Jordan’s contention lacks merit because his counsel expressed

satisfaction with the district court’s limiting instruction; there

was no motion for a mistrial; and the court did not commit plain

error. See United States v. Norris, 780 F.2d 1207, 1212 (5th Cir.

1986).

The district court did not abuse its discretion by sustaining

the Government’s objection to a question by Anthony’s counsel on

cross-examination of a postal inspector, who testified to the chain

of custody of forged checks and other items sent to a laboratory

for fingerprint analysis.

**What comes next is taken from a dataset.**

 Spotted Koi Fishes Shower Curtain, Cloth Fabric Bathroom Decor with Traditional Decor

The question, whether Anthony had

voluntarily provided a handwriting specimen, clearly exceeded the

scope of direct examination; and Anthony has not shown that the

district court’s ruling resulted in any prejudice to his defense.

See FED. R. EVID. 611(b); United States v. Route, 104 F.3d 59, 64

(5th Cir. 1997). No. 01-10038 -3-

Contrary to Jordan’s next contention, there was ample evidence

which proved that the offenses were committed in the Northern

District of Texas, as alleged in the indictment. See United States

v. Carreon-Palacio, 267 F.3d 381, 391-93 (5th Cir. 2001).

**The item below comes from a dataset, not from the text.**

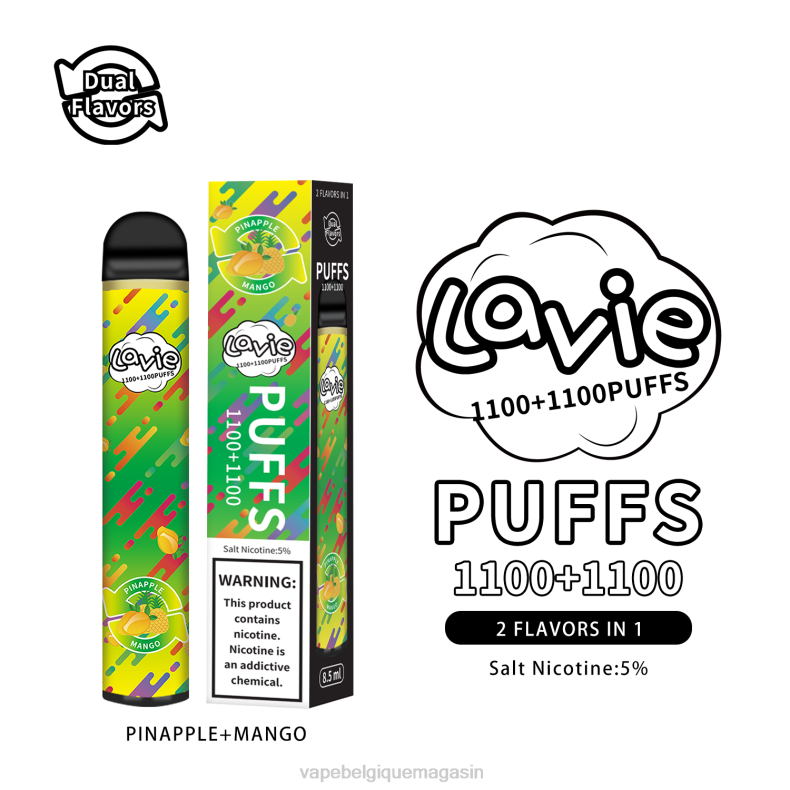 Vape Belgique - LAVIE BAR Switch 2200 bouffées ananas/mangue D2F2296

Anthony contends that he was denied a fair trial as a result

of the district court’s erroneous evidentiary rulings, considered

both individually and cumulatively. This lacks merit because

Anthony has not shown that any such errors were made by the

district court. See United States v. Lindell, 881 F.2d 1313, 1327

(5th Cir. 1989).

Anthony asserts that the district court reversibly erred by

ordering him to pay restitution to two financial institutions which

lost money as a result of cashing forged checks. It was proper,

however, for the court to base its order of restitution on either

Anthony’s conviction of conspiracy to possess checks stolen from

the mail or his conviction of bank fraud. See 18 U.S.C. § 3663A;

United States v. Hughey, 147 F.3d 423, 437 (5th Cir. 1998).

Anthony now contends, for the first time, that some of the

losses claimed by the banks did not occur within the time periods

alleged in the indictment. However, he would not be entitled

to relief on this new claim unless he could show plain error. See

United States v. Vasquez, 216 F.3d 456, 459 (5th Cir.), cert.

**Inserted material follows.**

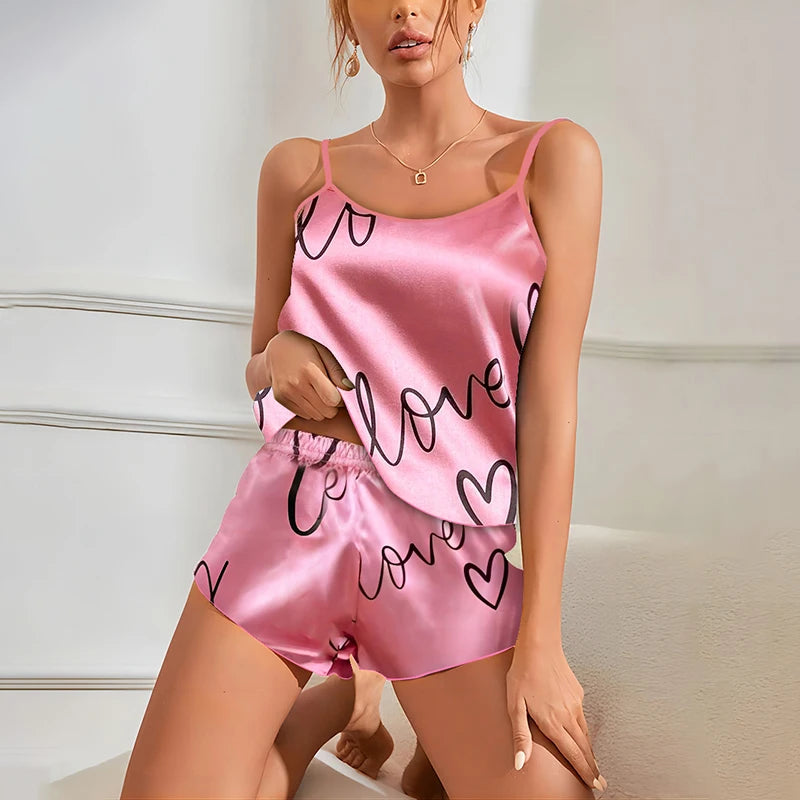 Luxury Satin Heart-Print Pajama Set | Sexy V-Neck Cami & Short Sleepwear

denied, 531 U.S. 972 (2000). “Questions of fact capable

of resolution . . . at sentencing [such as this] can never

constitute plain error.” United States v. Lopez, 923 F.2d 47, 50

(5th Cir. 1991); accord United States v. Chung, 261 F.3d 536, 539 No. 01-10038 -4-

(5th Cir. 2001). Thus Anthony is not entitled to any relief

relative to the restitution order.

The judgments of conviction of Lewis Henry Anthony and Montoya

Jordan are due to be, and they are hereby, AFFIRMED in all

respects.

AFFIRMED.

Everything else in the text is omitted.